You can now install NG Firewall on UEFI for most modern BIOS platforms.

IPsec

Failover

If you use WAN Failover, you can now specify to use any "Active WAN". When the primary WAN switches, IPsec tunnels reconnect using the new link. On the remote endpoint, there is a new option to allow the incoming tunnel connection from any address.

Better performance

IPsec now uses AES-GCM as the default cipher resulting in a significant performance boost.

Improved reliability

The mechanism to detect the tunnel status has been improved, resulting in better reliability of IPsec tunnels.

Remote GUI over IPsec tunnel

Added the ability to access the remote NGFW over the IPsec tunnel.

General VPN Improvements

Tunnel Persistence

Active OpenVPN and IPsec tunnels are not affected by configuration changes such as adding a new tunnel.

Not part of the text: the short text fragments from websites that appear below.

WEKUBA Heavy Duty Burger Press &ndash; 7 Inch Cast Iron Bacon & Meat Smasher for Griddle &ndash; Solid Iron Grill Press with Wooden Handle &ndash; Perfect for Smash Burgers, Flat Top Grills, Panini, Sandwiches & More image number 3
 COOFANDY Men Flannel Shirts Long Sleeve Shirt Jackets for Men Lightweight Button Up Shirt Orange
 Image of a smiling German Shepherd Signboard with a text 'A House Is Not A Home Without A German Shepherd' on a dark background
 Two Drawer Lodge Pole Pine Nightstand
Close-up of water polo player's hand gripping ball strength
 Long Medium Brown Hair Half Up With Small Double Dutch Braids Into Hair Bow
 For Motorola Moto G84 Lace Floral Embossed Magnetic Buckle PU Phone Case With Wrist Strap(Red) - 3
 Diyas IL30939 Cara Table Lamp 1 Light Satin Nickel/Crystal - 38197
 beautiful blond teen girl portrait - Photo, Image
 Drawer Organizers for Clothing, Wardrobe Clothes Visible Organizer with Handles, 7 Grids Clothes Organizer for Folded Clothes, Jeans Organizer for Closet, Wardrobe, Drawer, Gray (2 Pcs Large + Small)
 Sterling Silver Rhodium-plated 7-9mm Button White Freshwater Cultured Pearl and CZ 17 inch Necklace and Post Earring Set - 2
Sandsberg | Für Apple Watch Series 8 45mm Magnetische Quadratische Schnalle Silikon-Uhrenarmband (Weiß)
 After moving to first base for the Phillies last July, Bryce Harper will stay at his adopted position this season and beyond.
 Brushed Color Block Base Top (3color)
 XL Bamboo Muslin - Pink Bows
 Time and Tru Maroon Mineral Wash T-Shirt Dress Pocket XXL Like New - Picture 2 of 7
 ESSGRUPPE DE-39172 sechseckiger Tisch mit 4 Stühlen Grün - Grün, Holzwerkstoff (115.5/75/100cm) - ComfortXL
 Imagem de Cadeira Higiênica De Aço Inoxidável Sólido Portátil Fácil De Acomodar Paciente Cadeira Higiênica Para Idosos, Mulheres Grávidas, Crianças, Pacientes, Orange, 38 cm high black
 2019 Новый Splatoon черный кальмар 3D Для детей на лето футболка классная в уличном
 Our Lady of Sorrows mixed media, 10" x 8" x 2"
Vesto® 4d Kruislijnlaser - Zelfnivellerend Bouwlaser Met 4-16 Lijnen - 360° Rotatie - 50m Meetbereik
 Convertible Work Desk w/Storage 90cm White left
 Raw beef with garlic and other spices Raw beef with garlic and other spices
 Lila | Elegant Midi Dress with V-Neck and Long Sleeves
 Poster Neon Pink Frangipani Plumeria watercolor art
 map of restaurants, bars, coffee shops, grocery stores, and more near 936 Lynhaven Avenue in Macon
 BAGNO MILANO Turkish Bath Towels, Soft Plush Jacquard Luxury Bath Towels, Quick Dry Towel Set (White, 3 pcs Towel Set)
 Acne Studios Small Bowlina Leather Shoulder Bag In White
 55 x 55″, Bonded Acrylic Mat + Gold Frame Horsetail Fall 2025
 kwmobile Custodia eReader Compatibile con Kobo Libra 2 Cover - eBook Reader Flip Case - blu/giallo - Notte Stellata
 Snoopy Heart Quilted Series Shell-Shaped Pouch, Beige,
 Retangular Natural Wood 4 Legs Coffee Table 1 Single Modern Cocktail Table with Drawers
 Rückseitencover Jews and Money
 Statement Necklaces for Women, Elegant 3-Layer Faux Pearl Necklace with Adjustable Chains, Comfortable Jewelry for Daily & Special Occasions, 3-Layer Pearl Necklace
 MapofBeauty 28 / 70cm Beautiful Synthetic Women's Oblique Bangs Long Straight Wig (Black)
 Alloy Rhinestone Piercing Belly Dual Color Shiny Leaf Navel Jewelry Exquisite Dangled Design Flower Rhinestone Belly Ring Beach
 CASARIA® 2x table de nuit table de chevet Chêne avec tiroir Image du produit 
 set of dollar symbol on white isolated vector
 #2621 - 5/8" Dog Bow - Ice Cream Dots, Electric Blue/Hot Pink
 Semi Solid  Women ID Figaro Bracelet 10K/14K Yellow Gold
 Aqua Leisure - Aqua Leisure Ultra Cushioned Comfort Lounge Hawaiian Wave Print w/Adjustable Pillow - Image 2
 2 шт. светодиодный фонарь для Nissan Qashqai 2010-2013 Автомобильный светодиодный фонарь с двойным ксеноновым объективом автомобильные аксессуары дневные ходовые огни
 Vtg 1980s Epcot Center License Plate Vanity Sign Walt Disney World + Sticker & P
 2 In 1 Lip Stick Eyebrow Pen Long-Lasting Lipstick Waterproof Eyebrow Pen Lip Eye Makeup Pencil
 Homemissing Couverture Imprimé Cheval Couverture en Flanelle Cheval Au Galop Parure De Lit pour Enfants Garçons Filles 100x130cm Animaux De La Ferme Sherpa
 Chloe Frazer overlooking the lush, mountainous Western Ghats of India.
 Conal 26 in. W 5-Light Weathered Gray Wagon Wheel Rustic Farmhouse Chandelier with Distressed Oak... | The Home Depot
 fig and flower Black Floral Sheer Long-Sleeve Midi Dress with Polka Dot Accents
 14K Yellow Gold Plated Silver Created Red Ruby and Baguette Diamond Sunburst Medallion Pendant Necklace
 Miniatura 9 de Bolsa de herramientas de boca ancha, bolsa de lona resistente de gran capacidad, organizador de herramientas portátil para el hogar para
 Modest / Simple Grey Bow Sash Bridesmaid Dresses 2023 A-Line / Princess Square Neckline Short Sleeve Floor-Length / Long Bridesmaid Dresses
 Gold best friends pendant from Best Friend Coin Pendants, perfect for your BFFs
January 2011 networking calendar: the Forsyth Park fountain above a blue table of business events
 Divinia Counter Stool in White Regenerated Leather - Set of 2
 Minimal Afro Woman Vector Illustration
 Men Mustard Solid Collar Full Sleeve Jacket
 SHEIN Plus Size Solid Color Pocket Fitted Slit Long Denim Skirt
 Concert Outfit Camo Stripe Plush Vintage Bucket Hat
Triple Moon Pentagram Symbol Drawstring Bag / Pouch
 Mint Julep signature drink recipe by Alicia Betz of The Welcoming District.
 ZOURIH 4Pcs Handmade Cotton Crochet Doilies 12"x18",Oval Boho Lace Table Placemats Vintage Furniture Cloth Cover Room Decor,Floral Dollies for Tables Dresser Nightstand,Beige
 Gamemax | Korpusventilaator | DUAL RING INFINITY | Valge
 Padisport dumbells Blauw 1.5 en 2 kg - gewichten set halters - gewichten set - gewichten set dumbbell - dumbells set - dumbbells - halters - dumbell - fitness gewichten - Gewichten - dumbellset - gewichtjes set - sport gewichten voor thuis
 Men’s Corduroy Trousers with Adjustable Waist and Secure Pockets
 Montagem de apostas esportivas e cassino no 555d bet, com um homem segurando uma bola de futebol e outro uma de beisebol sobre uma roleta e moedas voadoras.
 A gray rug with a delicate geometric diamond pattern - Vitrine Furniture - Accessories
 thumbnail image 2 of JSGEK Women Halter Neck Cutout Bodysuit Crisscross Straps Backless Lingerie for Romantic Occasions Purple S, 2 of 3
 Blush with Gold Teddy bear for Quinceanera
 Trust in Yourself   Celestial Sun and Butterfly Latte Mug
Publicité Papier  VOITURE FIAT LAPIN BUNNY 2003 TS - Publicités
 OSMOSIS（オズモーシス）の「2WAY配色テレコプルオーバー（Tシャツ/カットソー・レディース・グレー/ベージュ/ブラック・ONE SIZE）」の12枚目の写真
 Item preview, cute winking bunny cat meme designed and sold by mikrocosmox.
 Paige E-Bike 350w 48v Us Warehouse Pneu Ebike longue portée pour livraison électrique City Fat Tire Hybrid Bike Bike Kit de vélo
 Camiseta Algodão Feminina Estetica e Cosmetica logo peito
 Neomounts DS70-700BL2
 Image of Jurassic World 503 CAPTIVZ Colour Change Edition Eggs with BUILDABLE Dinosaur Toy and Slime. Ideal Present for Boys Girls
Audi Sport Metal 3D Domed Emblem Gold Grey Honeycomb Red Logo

Automatic LAN configuration

If you change the IP address of a LAN interface, this change will propagate to WireGuard, OpenVPN, and IPsec tunnels.

Threat Prevention

Threat lookup

The Threat Lookup tool now shows the results from both "client" and "server" reputation values. Prior to this release, the lookup returned only the server reputation.

Custom block actions

You can now redirect the user to an external block page URL or you can choose to block the connection without redirecting the user to a block page.

Pass Sites

You can now create exceptions for IP addresses and URLs without having to create individual rules for each item.

Other

  • Numerous performance improvements have been made to reporting and HTTP traffic processing.
  • Admin UI now operates on applicable interface aliases.
  • SSL Inspector now supports TLS 1.3.
  • Under Config, System, the new Logs tab allows you to better control disk space used by logs by specifying retention.
  • Report retention can now be configured at an hourly resolution.
  • Event reports can now export what is displayed or the entire table.
  • Web event reports now have the host field before the URI field.
  • Remote syslog events are no longer cut off at a certain size limit.
  • Disk space now uses a more accurate calucation.
  • Exporting JSON content columns issues has been fixed.
  • L2TP local directory auth fails after deleting IPsec tunnels has been fixed.
  • Removing remote server from OpenVPN does not close connection has been fixed.
  • Better error messaging on OSPF configuration issues.
  • Policy Manager rules race condition on upgrade fixed.
  • Parse large log directories correctly.
  • Upload root certificate.
  • Enforcement of strong cryptography SHA-512 for credentials

System Requirements and Technical Notes

  • 32 bit upgrades will no longer be provided from 16.1 onwards
  • The software appliance installer for USB disks now uses the ISO file format, the same as for CD media. Therefore, as of 16.0 the IMG file download is no longer necessary and removed from the download page.
  • The WireGuard app is not available for cloud deployments (Amazon Web Services or Microsoft Azure). AWS and Azure deployments will update to version 16.0.1 if automatic updates are on, but the WireGuard app will not be included in that update.
  • Ports 80 and 443 are now reserved on all IP Addresses, including aliases. This means that port forwarding on TCP ports 80 and 443 are not functional unless the services are moved to alternate ports. Additional considerations regarding service ports are described in the Knowledge Base article What happens when I change my service ports?.